[Short text fragments from websites]
::::::
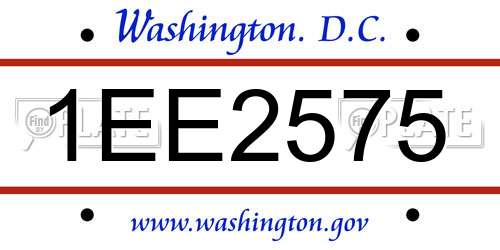 1EE2575 District Of Columbia License Plate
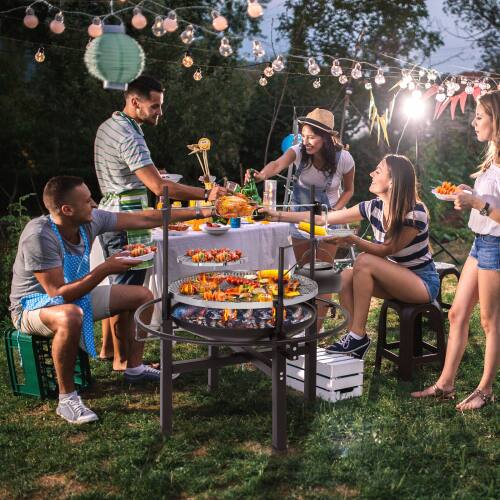 Alt View 7. Winado - 33in Fire Pit with Grills 2-in-1, Wood Burning Fire Pit with Adjustable Swivel Cooking Grate for Outdoor Picnic Party - Black.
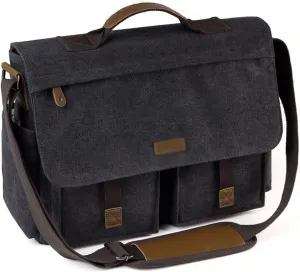 Messenger Bag for Men Vintage Resistant Waxed Canvas 15.6 Inch Laptop Briefcase Padded Shoulder Bag(E)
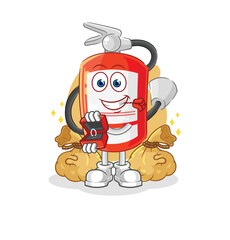 extinguisher propose with ring. cartoon mascot vector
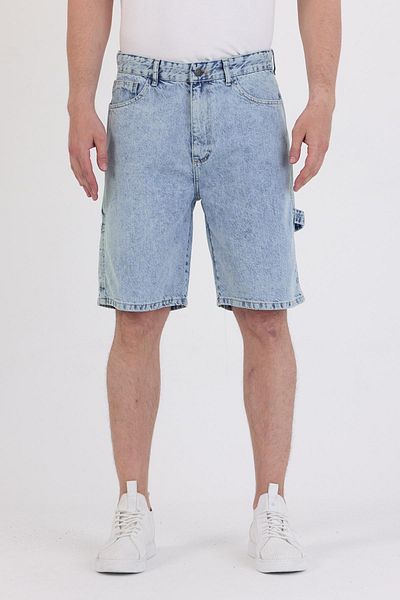 DAMGA JEANS Ανδρικό ψηλόμεσο Cargo Pocket Ice Blue φαρδύ τζιν σορτς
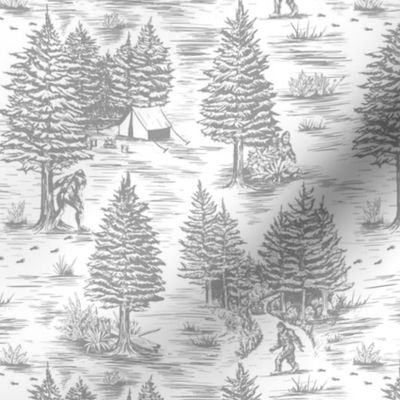 Small-Scale Gray & White Bigfoot / Sasquatch Toile de Jouy
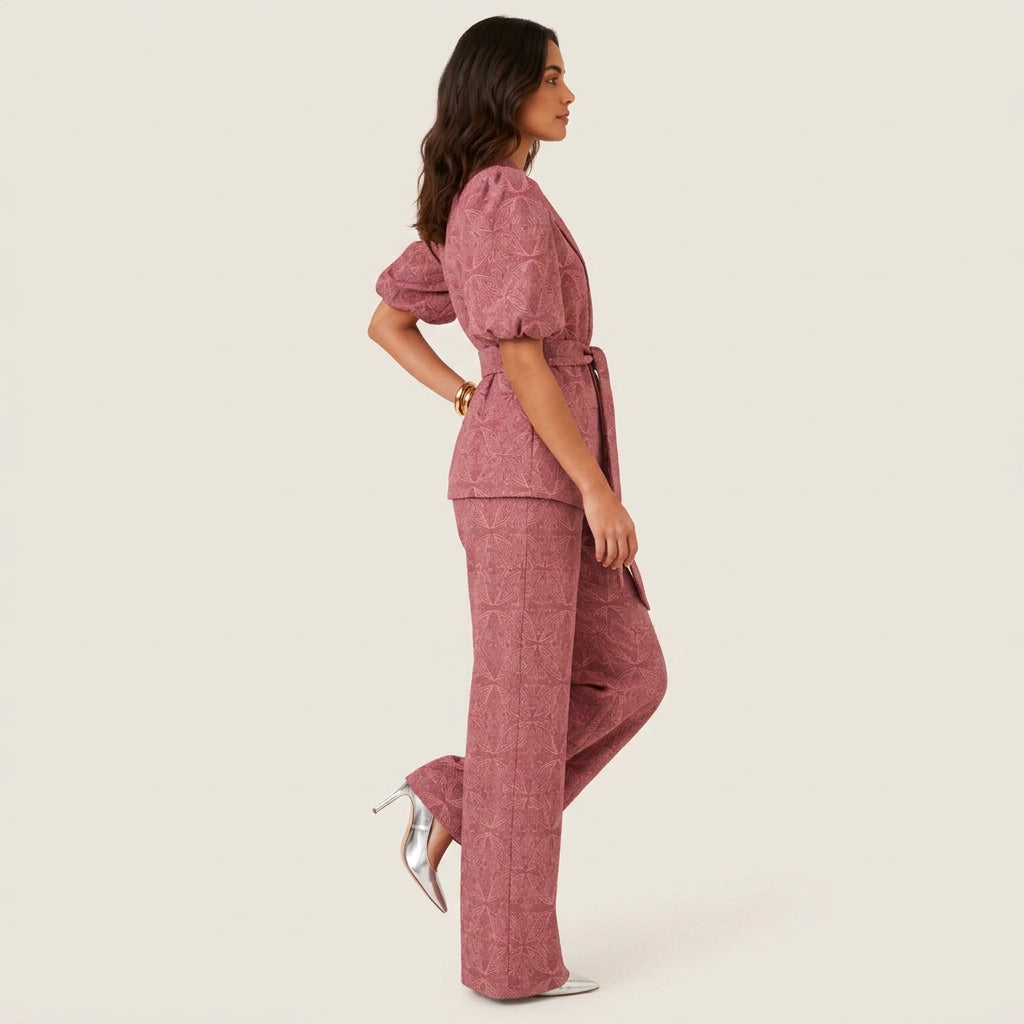 Women's Kimono Jacket & Wide-Leg Trousers Co-Ord Set – Geometric Print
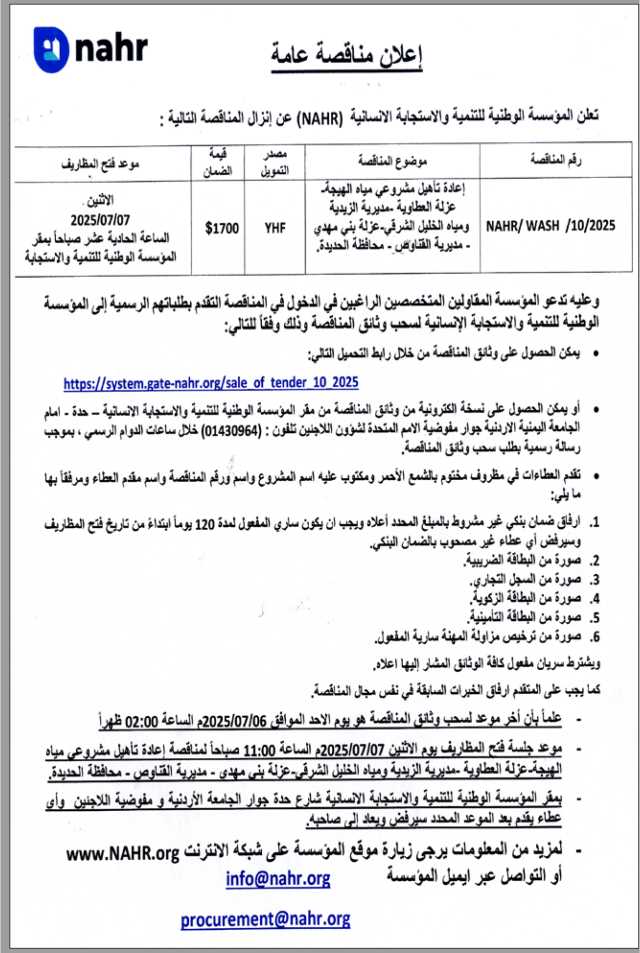 تعلن المؤسسة الوطنية والإستجابة الإنسانية عن إنزال مناقصة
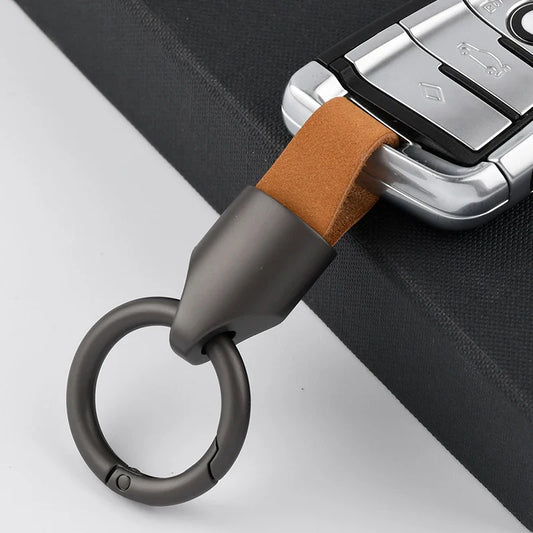 Fashion Durable Leather Car Keychain Holder | Suitable for Keys with Keyholes Larger Than 1.2cm/0.47in | Universal Car Key Ring Accessory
::::::
Give the records back exactly, with no pictures.

## Result
 1EE2575 District Of Columbia License Plate
 Alt View 7. Winado - 33in Fire Pit with Grills 2-in-1, Wood Burning Fire Pit with Adjustable Swivel Cooking Grate for Outdoor Picnic Party - Black.
 Messenger Bag for Men Vintage Resistant Waxed Canvas 15.6 Inch Laptop Briefcase Padded Shoulder Bag(E)
 extinguisher propose with ring. cartoon mascot vector
 DAMGA JEANS Ανδρικό ψηλόμεσο Cargo Pocket Ice Blue φαρδύ τζιν σορτς
 Small-Scale Gray & White Bigfoot / Sasquatch Toile de Jouy
 Women's Kimono Jacket & Wide-Leg Trousers Co-Ord Set – Geometric Print
 تعلن المؤسسة الوطنية والإستجابة الإنسانية عن إنزال مناقصة
 Fashion Durable Leather Car Keychain Holder | Suitable for Keys with Keyholes Larger Than 1.2cm/0.47in | Universal Car Key Ring Accessory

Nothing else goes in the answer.